The one or more processors control processing of the input data in accordance with a predefined operating rule or artificial intelligence (Al) model stored in the non-volatile memory and the volatile memory. The predefined operating rule or artificial intelligence model is provided through training or learning, such as by applying a learning algorithm to a plurality of learning data, a predefined operating rule or Al model of a desired characteristic is made. The learning may be performed in a device and/or may be implemented through a separate server/system. The Al model may consist of a plurality of neural network layers. Each layer has a plurality of weight values and performs a layer operation through calculation of a previous layer and an operation of a plurality of weights. Examples of neural networks include, but are not limited to, convolutional neural network (CNN), deep neural network (DNN), recurrent neural network (RNN), restricted Boltzmann Machine (RBM), deep belief network (DBN), bidirectional recurrent deep neural network (BRDNN), generative adversarial networks (GAN), and deep Q-networks.

The learning algorithm is a method for training a predetermined target device (for example, a robot) using a plurality of learning data to cause, allow, or control the target device to make a determination or prediction. Examples of learning algorithms include, but are not limited to, supervised learning, unsupervised learning, semi-supervised learning, or reinforcement learning.

Although FIG. 1 shows various hardware components of the edge orchestrator platform (100), it is to be understood that other aspects are not limited thereon. In other implementations, the edge orchestrator platform (100) may include less or more number of components. Further, the labels or names of the components are used only for illustrative purposes and do not limit the scope of the invention. One or more components can be combined together to perform the same or substantially similar function in the edge orchestrator platform (100).

FIG. 2 is a flow chart illustrating a method for providing the converged network infrastructure in accordance with an embodiment of the present invention. The steps (S202-S208) are performed by the edge orchestrator platform (100).

At S202, the plurality of edge nodes (200) are connected to the plurality of network controllers (300), and the plurality of user devices (400) are connected to the plurality of network controllers (300).

At S204, the one or more resources are pushed from the global service orchestrator (1102a) to the edge orchestration platform (100).

At S206, the one or more resources are dynamically allocated from the plurality of edge nodes (200) to one or more applications at the plurality of network controllers (300).

At S208, the one or more workloads are adjusted on at least one of the edge nodes (200) by enabling one or more vendor independent APIs.

FIG. 3A and FIG. 3B are block diagrams illustrating an exemplary architecture implemented for the converged network infrastructure in accordance with one or more embodiments of the present invention. In particular, the architecture (1000) includes an external entity (1102), a self-service and reporting UI portal (1104), an application profiles manager (1106), a policy manager (1108), an application/service marketplace manager (1110), a workflow manager (1112), a data collection/distribution manager (1114), an application manager (1116), a network function lifecycle manager (1118), a machine learning inference manager (1120), a multi access controller manager (1122), an edge management controller (1124), a centralized data center server (1128), the last mile network (1132) and the plurality of user devices (400).

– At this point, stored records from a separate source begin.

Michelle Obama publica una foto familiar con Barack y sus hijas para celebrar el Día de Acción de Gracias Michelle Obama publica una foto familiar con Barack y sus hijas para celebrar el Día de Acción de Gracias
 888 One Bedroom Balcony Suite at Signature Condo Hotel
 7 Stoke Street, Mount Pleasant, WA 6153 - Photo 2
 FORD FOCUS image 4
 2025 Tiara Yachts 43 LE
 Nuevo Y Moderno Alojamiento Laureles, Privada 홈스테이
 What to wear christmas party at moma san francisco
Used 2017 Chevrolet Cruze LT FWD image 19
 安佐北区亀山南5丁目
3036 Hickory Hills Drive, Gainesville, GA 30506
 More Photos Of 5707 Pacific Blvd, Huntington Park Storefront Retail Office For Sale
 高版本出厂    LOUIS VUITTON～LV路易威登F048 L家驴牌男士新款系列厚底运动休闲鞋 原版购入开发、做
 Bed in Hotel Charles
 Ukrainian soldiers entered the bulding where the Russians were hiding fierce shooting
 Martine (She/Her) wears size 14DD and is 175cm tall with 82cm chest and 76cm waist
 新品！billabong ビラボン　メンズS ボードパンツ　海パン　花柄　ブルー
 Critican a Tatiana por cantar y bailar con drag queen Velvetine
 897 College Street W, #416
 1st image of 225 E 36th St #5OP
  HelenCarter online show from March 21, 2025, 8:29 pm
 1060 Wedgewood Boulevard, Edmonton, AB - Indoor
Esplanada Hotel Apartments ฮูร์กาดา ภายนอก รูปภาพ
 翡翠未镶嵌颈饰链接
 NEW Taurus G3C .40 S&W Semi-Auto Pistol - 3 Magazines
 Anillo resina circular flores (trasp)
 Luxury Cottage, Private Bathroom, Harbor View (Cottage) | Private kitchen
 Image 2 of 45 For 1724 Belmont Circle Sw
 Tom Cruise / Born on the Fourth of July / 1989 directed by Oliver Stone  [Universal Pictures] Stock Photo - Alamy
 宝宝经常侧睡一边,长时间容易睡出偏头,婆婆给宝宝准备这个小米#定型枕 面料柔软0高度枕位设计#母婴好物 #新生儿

Further, the external entity (1102) includes a global service orchestrator (1102a), a big data analytics manager (1102b), and a machine learning engine (1102c).

In accordance with an embodiment of the present invention, the data collection/distribution manager (1114) is coupled and operated with the global service orchestrator (1102a), the big data analytics manager (1102b), and the machine learning engine (1102c). Particularly, the data collection/distribution manager (1114) may enable an extensive telemetry needed to support logging, monitoring and tracing of edge cloud components. Moreover, the data collection/distribution manager (1114) distributes the data to the global service orchestrator (1102a), the big data analytics manager (1102b), and the machine learning engine (1102c). Furthermore, the data collection/distribution manager (1114) have support for both real time and batch processing of data.

In accordance with an embodiment of the present invention, the self-service and reporting UI portal (1104) may provide the users with an intuitive role based user interface (UI) access to various edge management services. Also, in the self-service and reporting UI portal (1104), a dashboard may facilitate a real time monitoring and reporting of various KPIs running in the edge cloud.

In accordance with an embodiment of the present invention, the global service orchestrator (1102a) may be responsible for maintaining an overall view of a multi-access edge computing (MEC) system based on a deployed MEC host, resources, MEC services, and topology. Particularly, the global service orchestrator (1102a) may also be responsible for on-boarding of application packages, including checking an integrity and authenticity of the application packages, validating application rules and requirements and if necessary adjusting them to comply with operator policies, keeping a record of on-boarded application packages, and preparing the virtualization infrastructure manager(s) to handle the applications. Moreover, the global service orchestrator (1102a) may be responsible for selecting appropriate MEC host(s) for application instantiation based on constraints, such as latency, available resources, and available services. Furthermore, the global service orchestrator (1102a) may be responsible for triggering application instantiation and termination and triggering application relocation as needed when supported.

In accordance with an embodiment of the present invention, the big data analytics manager (1102b) handles huge data received from the plurality of edge nodes (200) and the plurality of user devices (400) in the architecture (1000), so as to reveal trends, hidden patterns, unseen correlations, and achieve automated decision making in the architecture (1000). The operations and functions of machine learning, by using the machine learning engine (1102c)(As explained in FIG. 1).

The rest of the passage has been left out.